Salesmen were met, joined in conflict, and vanquished determinedly, for as business expanded our credit rating increased in proportion and Ma’s terms stiffened accordingly. I often thought that Ma went far beyond necessity’s call.

One rainy afternoon, when trade was slow, and Ma and I took stock of our goods—”Look at all the lovely challehs and rolls and rye bread, we’ll be stuck with plenty”—I said, “Ma, why do you have to fight so much with everybody? It’s like a habit—you haggle with Shapiro when you buy my socks and shirts from him, you fight with Di Santos over the cleaning bills, you argue with Klein over fruit for the store. They have to make a living, too, you know.”

Ma rearranged the rye bread on the racks. She patted the last one into place, squeezed it a little to hear the crust crackle, and said, “Son, you’ll never be a businessman. You’re too soft. Why do you think I work so hard in this business? Why do you think Pa and I get up five o’clock in the morning and stay in the store until eleven at night? Don’t you think we like to go out sometimes, too?

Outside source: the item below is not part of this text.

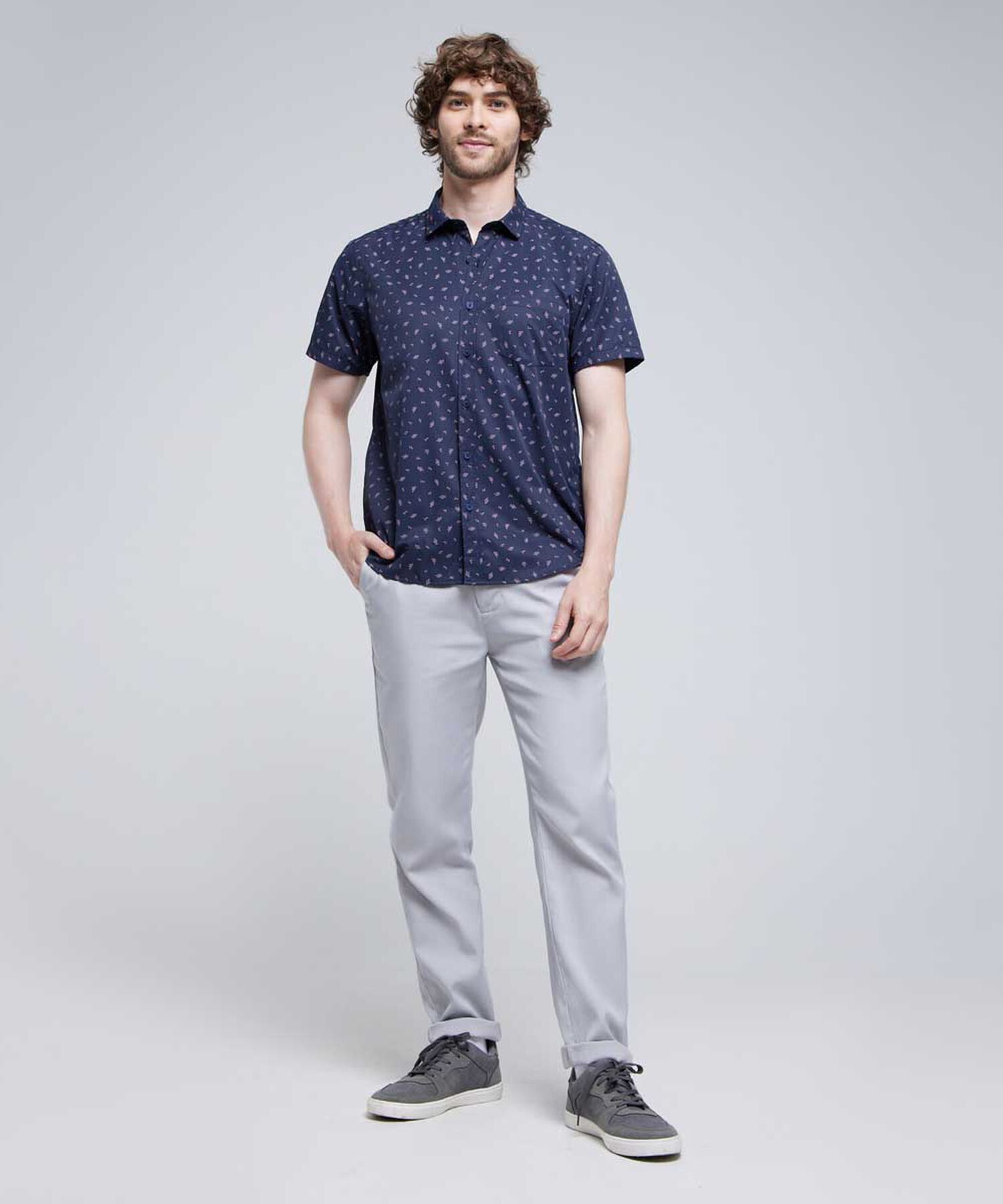 camisas para hombre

“But do we ask for good times, for vacations, for card games? No. We work hard because we want our children should come to something. We want you should have a nice home so you won’t be ashamed from us to bring your friends home with you. That takes money. And money you don’t get by sleeping late in bed and being soft to people. When we had the bakery in I’way State and Pa ran everything he was soft to everybody and everybody stole from us. Pa worked and worked and worked and got so sick he had to go to the Mayo Brothers. Pa isn’t lazy, but his work was no good and you know why? Because it didn’t have no taste. It went for nothing and we went broke. Our worst enemies should have such troubles like we had in I’way State.

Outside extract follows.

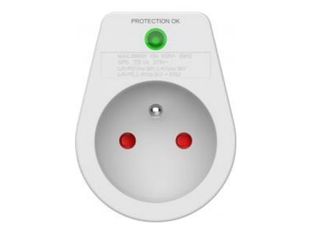 Force Power Lite - Prrise parafoudre - blanc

“At least here our work comes to something. Pa always was the best baker on rolls and bread in Chicago, but we never had a chance before. Look how we worked up ourselves. Now we have a good business and a good name. You can walk up and down 71st Street and everybody knows us and will give us credit. From this one little business—it’s like a cow and we all suck from one bag.

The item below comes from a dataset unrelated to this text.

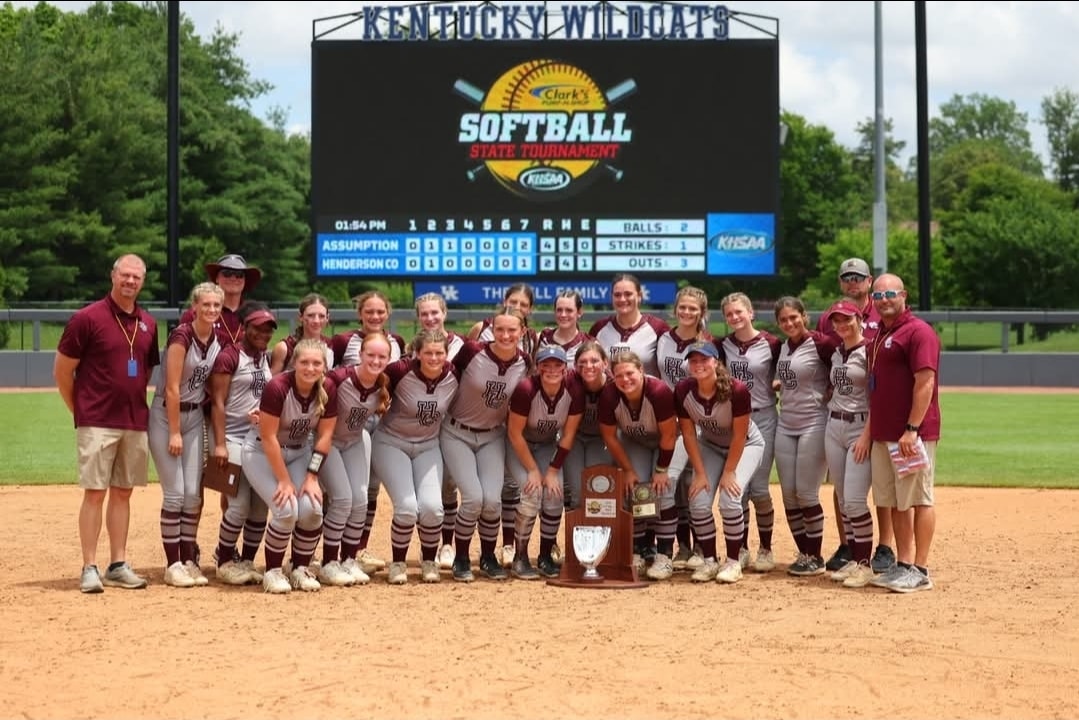 state runner up softball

“And who made this business—Pa? Ay, ay, ay, a baker you can’t beat him, but without me he would still be just a baker getting played out working for someone else. He would come to nothing, I’m telling you. Who got the money to start the store? Who rented the store when everybody got discouraged and wanted to quit? Who knows how I didn’t sleep at night when I prayed to God we should be able to start up the new store? Who went to cousin Joe for money and who cried for Mr. Bornstein he should lend us money at 20 per cent? Who got Plotkin he should build the ovens and wait six months for his money? Nobody—only me.”

“All right!” I cried. “But that’s over now. Do you still have to argue with everybody, just to save a penny here and a penny there?”

Ma bent her head close to mine.

“I’ll tell you a secret,” she said. “Every good business has to have a mamzer in it—in this business, it’s me.”